Adding an aquaponics fish tank to any of these systems automatically reduces your fertilizer and water consumption, while also offering you the benefit of fish to eat. If you are already growing vegetables hydroponically, consider adding a fish tank to complete the cycle of sustainability.
Maintenance and cleaning
Proper maintenance and cleaning are very important to the health of your tank and grow beds. Because of the living organisms and the waste they can produce, follow these keys to keep your tank clean.
- If your grow beds and media are clogged with a lot of solid material, you need to rinse them thoroughly.
- Keep your pipes running smoothly with a blast from the hose to get rid of any debris or buildup inside them.
- Periodically replace some of the water with clean, dechlorinated water to make the system cleaner for your fish. You will want to drain and replace about ⅓ of the water.
- Clean out plants that are no longer viable so that there is no dead or diseased material present.
- Manage the temperature, humidity, and pH levels to keep the water as fresh and clean as possible.

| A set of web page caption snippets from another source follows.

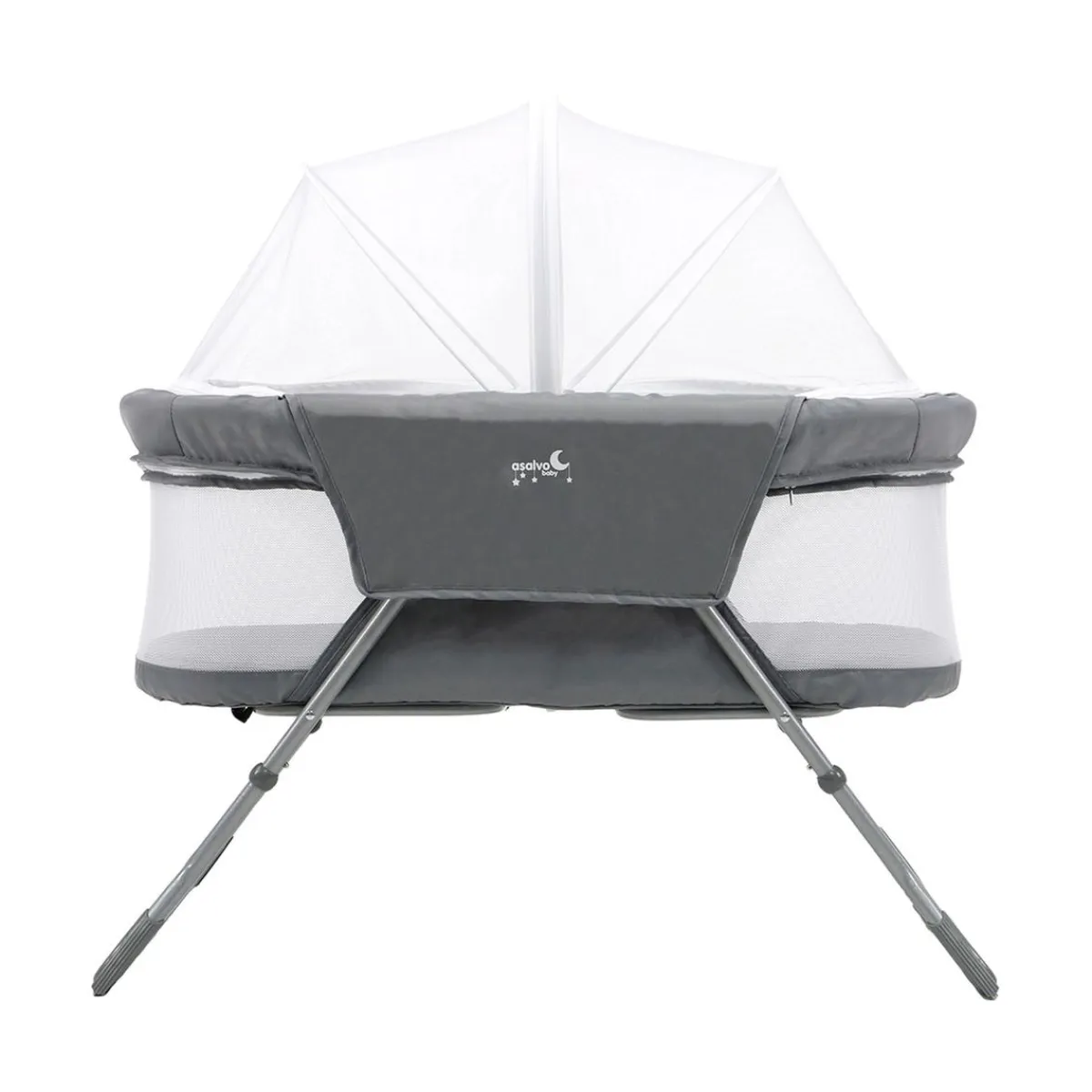 Asalvo - Minicuna Trip con Mosquitera*ESTAR A SALVO,SL INTERNET Outlet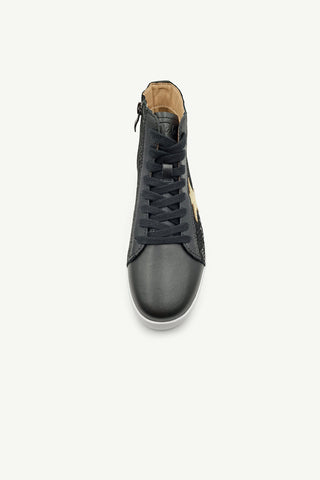 Blayke Black Snake + Gold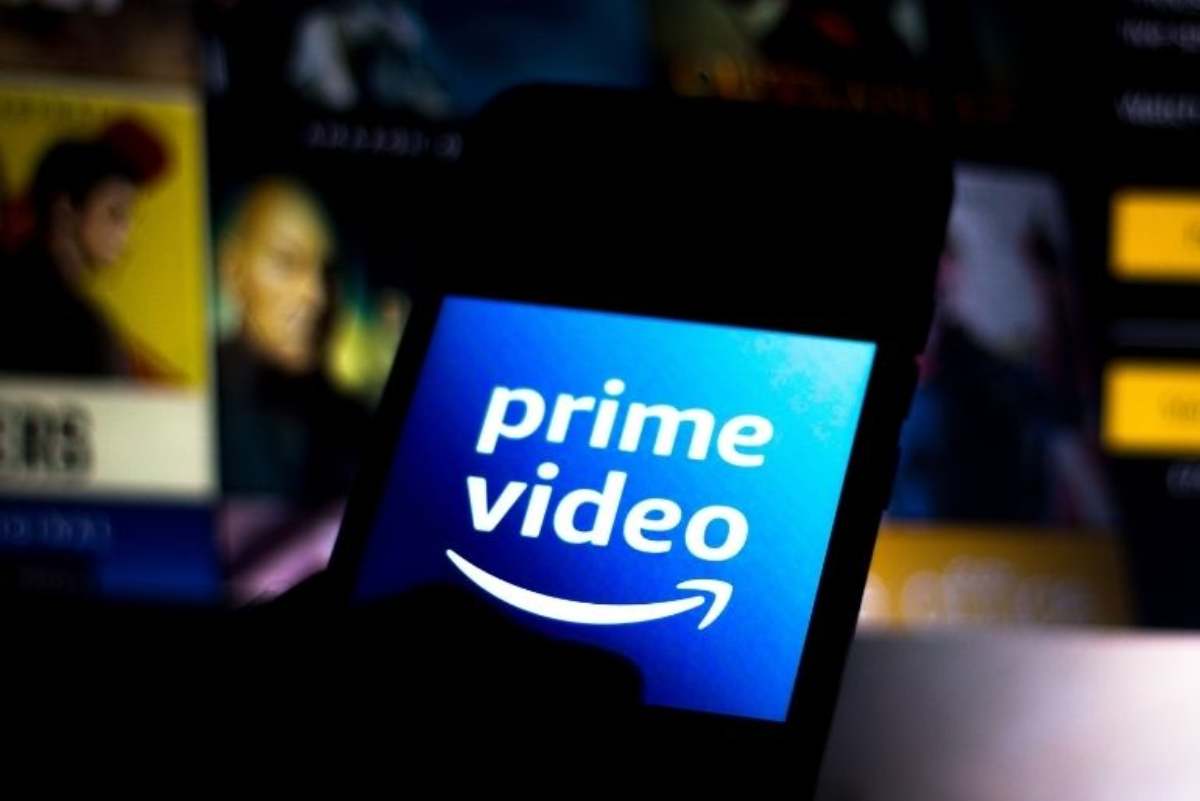 Amazon Prime Video annuncio nuova serie TV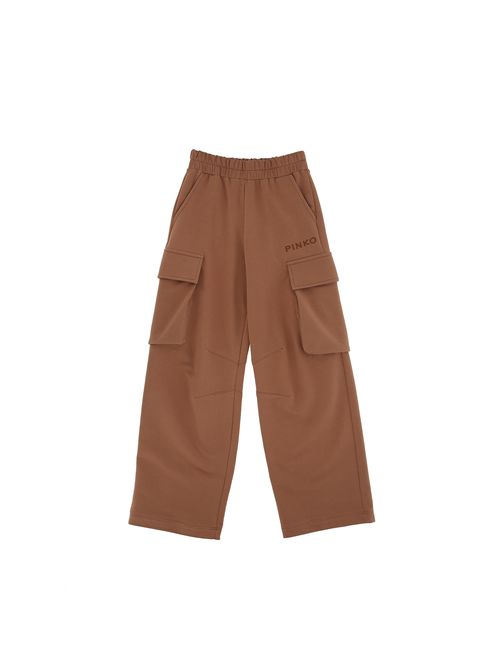 Pantalone, bambina, logato. PINKO | KFPA083 C FE0186041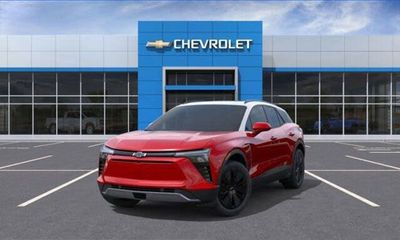 2026 Chevrolet Blazer LT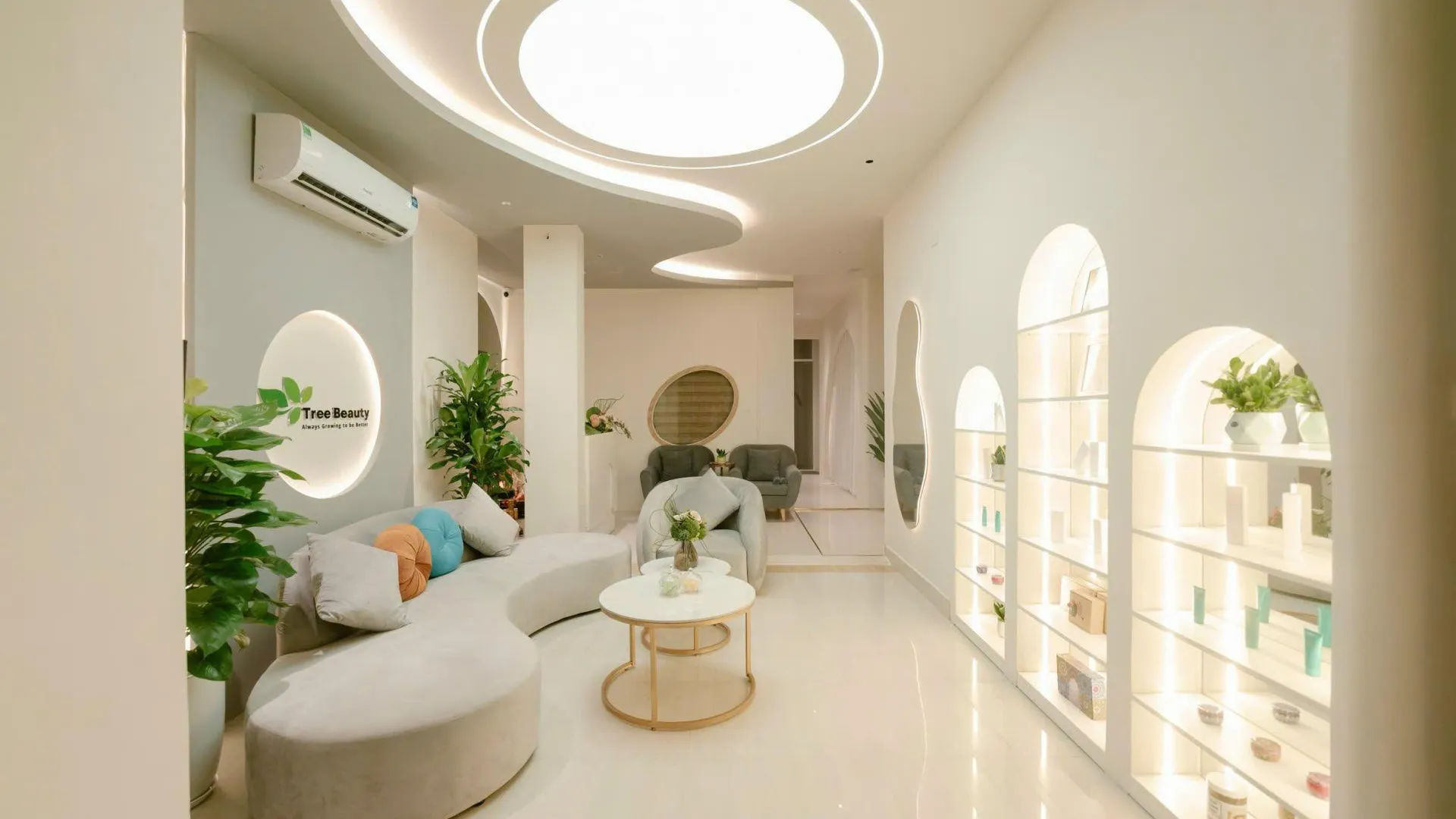 하노이 미나시 프리미엄 호텔 4성급 호텔 전망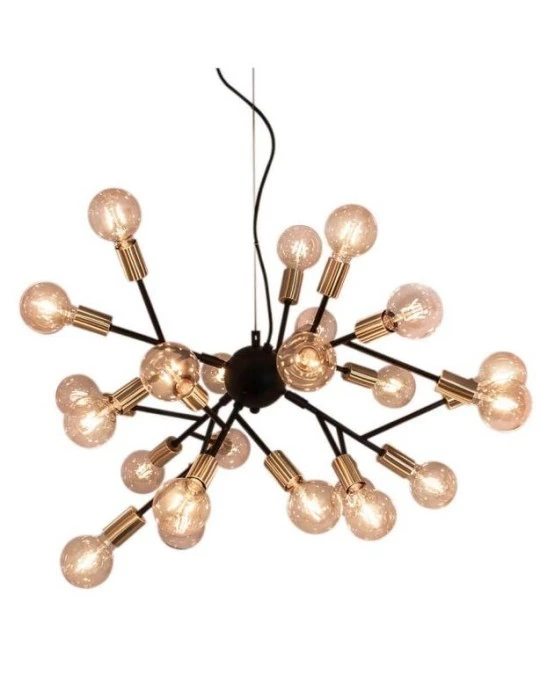 Lampa wisząca By Rydens 4200460‑4002 Heroes - obrazek 1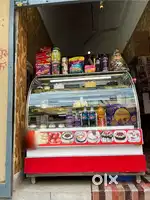 Cake & Sweets AC Counter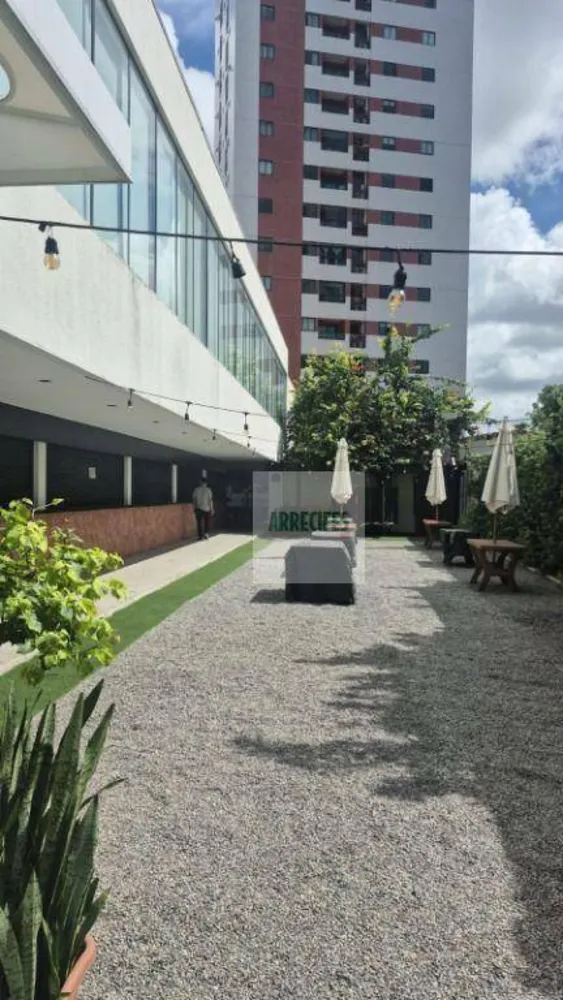 Loja-Salão, 28 m² - Foto 4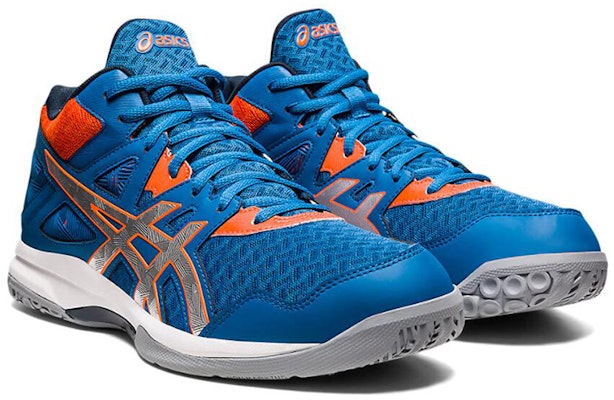 ASICS Gel-Task MT 2 Azul/Naranja 1071A036-400 Lookbook ASICS Gel-Task MT 2 Azul/Naranja 1071A036-400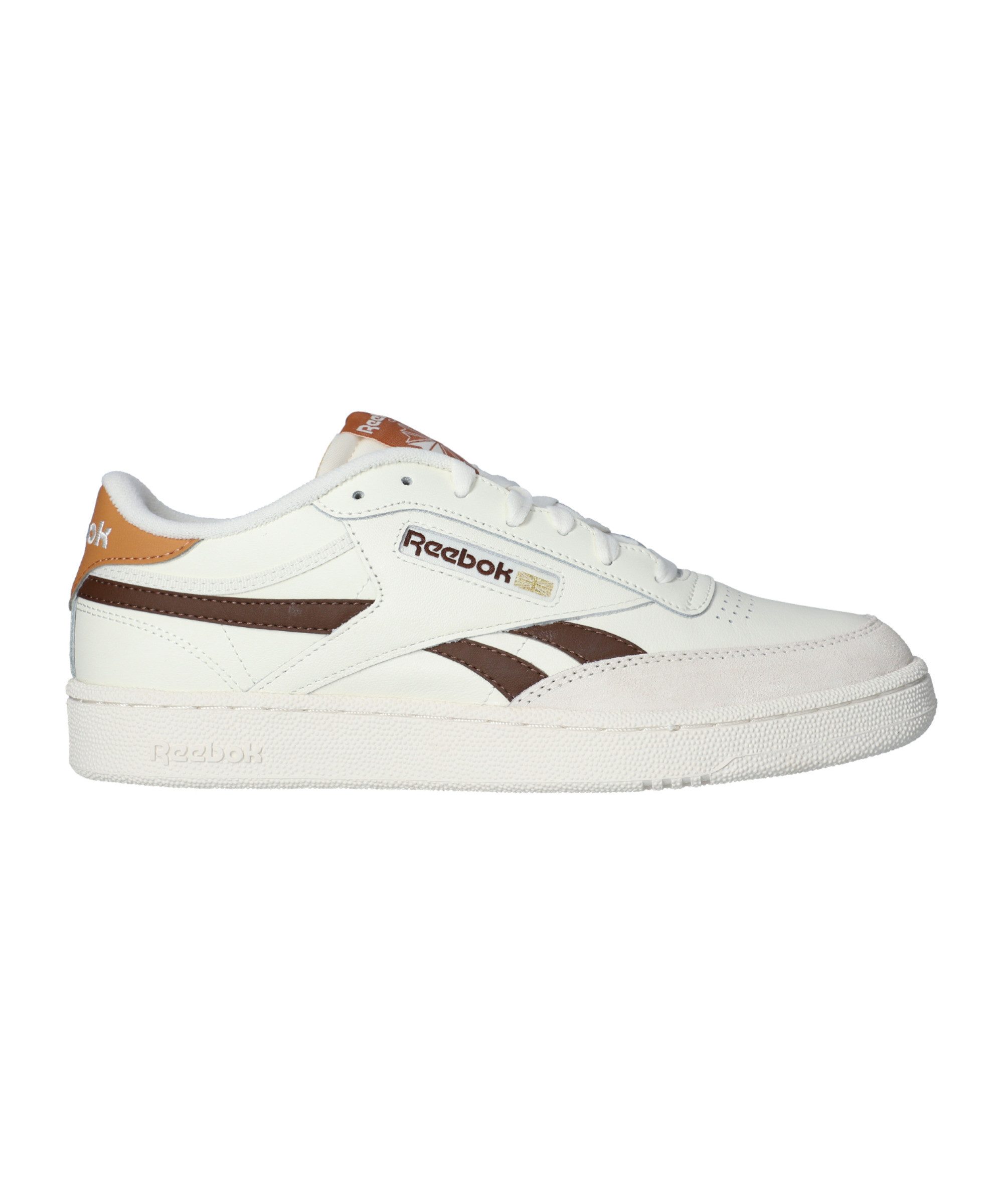 Reebok Club C Revenge Beige Herren Sneaker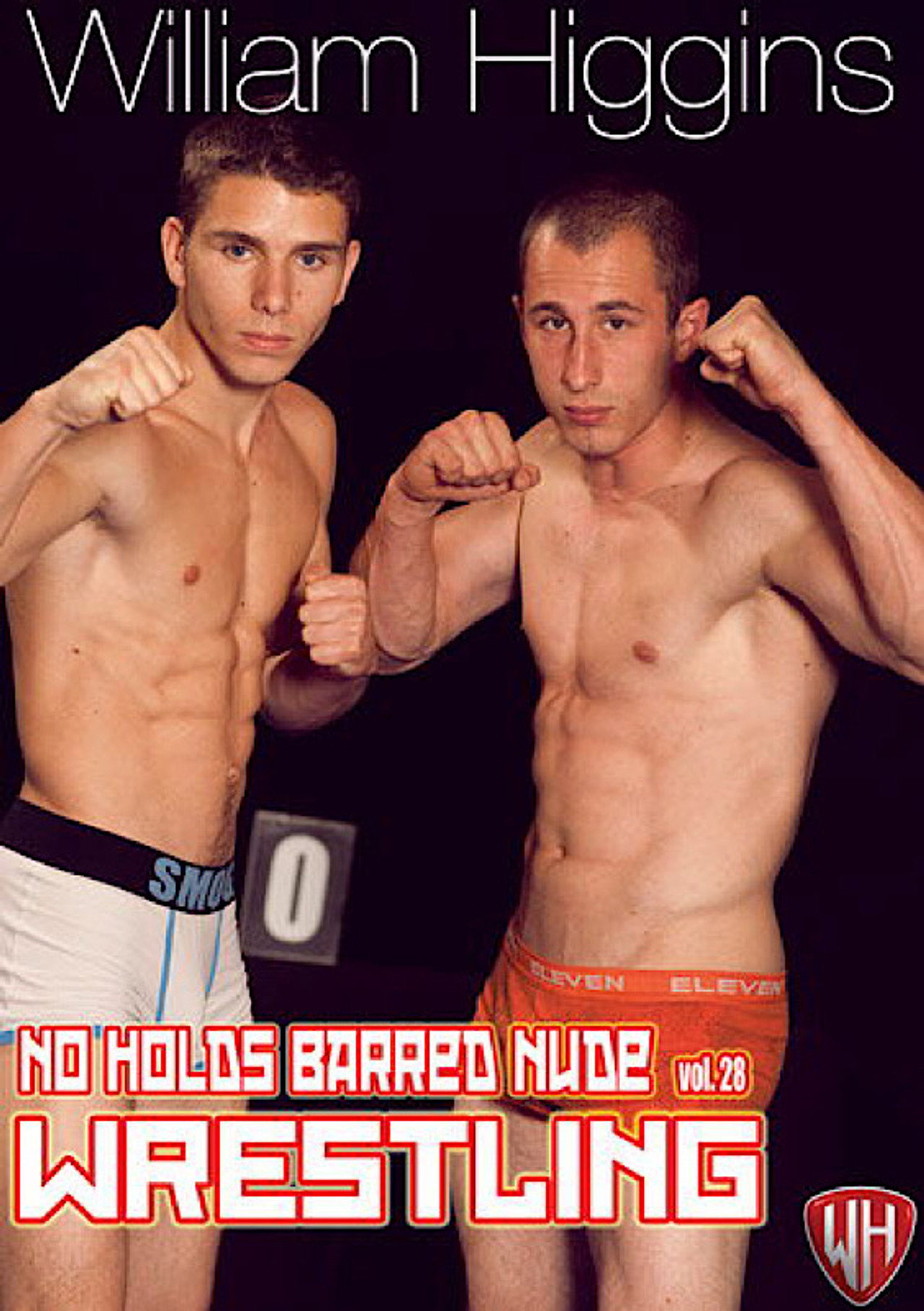 No Holds Barred Nude Wrestling 28 filmaffisch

If you are looking for a great way to feed your family and be part of the solution of sustainability, look no further than aquaponics. Not only can you conserve water and create a sustainable system, but you will have control over what type of fish and vegetables you grow. Whether commercial aquaponics or indoor aquaponics, using the natural attributes of fish and plants to take care of each other is a win-win for your family and the environment.